Exercise: Go to the line in the entries below that holds "A dog with sunglasses" and repeat exactly from there through the line that holds "Mini Tomates Rojos", inclusive.

========================

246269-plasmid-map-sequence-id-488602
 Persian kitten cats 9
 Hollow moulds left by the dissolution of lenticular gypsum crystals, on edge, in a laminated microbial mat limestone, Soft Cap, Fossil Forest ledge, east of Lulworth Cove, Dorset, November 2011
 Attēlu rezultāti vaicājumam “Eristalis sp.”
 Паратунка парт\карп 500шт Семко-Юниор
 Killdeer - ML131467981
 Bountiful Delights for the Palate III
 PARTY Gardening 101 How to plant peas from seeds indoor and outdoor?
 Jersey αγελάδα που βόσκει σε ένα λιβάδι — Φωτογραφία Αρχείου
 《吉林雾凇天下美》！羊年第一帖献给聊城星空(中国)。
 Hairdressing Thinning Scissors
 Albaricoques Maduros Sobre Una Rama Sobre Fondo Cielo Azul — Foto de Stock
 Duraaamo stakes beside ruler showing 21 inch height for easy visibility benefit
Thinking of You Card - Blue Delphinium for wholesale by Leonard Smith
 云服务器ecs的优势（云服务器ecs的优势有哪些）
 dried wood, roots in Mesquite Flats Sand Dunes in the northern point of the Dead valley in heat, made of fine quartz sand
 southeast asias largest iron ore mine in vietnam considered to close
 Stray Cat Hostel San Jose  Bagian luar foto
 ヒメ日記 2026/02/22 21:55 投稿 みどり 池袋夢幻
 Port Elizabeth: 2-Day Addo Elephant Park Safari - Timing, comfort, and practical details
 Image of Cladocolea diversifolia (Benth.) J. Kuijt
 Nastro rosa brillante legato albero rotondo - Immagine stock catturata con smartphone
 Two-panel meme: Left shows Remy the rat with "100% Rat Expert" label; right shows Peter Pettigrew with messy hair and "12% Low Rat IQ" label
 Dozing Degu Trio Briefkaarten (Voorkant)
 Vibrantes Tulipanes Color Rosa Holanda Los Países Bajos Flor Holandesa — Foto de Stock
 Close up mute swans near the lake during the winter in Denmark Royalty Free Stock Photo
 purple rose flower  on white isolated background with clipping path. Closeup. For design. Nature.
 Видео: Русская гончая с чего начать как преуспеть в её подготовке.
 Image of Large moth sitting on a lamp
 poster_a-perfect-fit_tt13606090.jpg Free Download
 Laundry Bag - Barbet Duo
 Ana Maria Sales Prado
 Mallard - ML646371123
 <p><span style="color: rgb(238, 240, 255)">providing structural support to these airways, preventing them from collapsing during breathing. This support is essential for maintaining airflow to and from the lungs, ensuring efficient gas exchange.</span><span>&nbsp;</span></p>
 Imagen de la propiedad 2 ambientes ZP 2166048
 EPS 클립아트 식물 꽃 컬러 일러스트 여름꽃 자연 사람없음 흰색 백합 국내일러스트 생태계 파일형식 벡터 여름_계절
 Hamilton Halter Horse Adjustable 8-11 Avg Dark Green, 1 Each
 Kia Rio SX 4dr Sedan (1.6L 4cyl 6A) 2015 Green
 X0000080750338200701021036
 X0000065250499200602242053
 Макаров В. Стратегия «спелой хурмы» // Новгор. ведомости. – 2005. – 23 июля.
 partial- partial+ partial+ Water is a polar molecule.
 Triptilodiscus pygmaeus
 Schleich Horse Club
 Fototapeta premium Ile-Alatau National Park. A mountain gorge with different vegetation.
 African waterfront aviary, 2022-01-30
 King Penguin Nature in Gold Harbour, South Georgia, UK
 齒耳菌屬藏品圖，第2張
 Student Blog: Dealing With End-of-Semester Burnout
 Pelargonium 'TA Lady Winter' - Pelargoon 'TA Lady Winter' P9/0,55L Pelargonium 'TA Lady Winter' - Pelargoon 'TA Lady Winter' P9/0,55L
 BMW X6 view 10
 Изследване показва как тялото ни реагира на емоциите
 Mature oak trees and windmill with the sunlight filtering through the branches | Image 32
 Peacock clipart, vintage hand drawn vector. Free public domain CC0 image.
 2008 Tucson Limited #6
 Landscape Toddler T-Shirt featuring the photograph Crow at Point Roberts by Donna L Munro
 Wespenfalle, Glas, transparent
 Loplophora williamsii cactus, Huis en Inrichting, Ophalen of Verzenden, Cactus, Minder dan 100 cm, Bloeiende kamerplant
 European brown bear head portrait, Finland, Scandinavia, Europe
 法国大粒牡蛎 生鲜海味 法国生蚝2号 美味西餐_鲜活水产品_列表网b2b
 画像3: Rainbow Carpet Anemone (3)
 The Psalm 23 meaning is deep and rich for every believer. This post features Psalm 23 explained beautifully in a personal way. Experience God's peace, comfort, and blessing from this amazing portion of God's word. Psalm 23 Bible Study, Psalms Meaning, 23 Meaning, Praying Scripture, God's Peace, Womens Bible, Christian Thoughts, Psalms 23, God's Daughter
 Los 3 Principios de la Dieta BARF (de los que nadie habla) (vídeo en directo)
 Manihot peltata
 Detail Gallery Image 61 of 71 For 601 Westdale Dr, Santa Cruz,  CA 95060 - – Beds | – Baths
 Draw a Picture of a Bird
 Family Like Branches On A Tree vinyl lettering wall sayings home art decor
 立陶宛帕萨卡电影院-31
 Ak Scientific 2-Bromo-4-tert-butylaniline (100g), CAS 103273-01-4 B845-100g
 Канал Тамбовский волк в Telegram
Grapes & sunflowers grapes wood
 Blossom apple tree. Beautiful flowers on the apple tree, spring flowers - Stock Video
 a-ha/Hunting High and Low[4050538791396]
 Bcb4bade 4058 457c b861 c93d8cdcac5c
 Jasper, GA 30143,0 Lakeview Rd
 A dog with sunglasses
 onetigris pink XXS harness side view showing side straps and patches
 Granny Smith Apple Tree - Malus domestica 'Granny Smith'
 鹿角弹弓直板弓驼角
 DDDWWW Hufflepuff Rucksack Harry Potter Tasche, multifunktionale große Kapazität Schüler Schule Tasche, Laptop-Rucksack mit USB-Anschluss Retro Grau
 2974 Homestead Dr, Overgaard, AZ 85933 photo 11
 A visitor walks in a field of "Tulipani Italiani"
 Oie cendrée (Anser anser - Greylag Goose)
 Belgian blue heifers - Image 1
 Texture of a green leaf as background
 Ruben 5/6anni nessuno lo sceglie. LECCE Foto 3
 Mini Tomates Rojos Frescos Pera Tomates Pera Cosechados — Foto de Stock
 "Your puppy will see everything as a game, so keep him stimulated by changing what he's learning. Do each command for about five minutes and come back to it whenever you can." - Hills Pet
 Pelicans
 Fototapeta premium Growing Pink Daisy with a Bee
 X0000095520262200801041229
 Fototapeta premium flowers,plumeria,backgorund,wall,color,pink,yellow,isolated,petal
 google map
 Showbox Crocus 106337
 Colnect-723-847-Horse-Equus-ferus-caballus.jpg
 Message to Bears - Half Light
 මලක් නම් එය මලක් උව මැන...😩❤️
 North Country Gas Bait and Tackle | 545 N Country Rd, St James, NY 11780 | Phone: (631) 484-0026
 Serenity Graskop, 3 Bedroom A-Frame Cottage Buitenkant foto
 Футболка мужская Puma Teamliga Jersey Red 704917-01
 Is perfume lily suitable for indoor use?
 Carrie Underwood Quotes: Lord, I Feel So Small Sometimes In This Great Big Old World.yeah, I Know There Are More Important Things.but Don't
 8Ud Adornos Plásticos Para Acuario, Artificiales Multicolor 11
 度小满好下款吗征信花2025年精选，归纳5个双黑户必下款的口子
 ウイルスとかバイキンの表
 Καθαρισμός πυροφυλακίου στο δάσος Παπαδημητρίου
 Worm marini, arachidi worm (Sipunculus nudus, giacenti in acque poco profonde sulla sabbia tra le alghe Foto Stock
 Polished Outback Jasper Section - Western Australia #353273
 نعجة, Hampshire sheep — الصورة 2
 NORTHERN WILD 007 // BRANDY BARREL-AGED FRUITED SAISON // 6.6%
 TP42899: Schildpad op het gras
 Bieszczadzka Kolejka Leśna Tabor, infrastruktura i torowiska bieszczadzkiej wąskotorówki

========================

Output for this task:
 A dog with sunglasses
 onetigris pink XXS harness side view showing side straps and patches
 Granny Smith Apple Tree - Malus domestica 'Granny Smith'
 鹿角弹弓直板弓驼角
 DDDWWW Hufflepuff Rucksack Harry Potter Tasche, multifunktionale große Kapazität Schüler Schule Tasche, Laptop-Rucksack mit USB-Anschluss Retro Grau
 2974 Homestead Dr, Overgaard, AZ 85933 photo 11
 A visitor walks in a field of "Tulipani Italiani"
 Oie cendrée (Anser anser - Greylag Goose)
 Belgian blue heifers - Image 1
 Texture of a green leaf as background
 Ruben 5/6anni nessuno lo sceglie. LECCE Foto 3
 Mini Tomates Rojos Frescos Pera Tomates Pera Cosechados — Foto de Stock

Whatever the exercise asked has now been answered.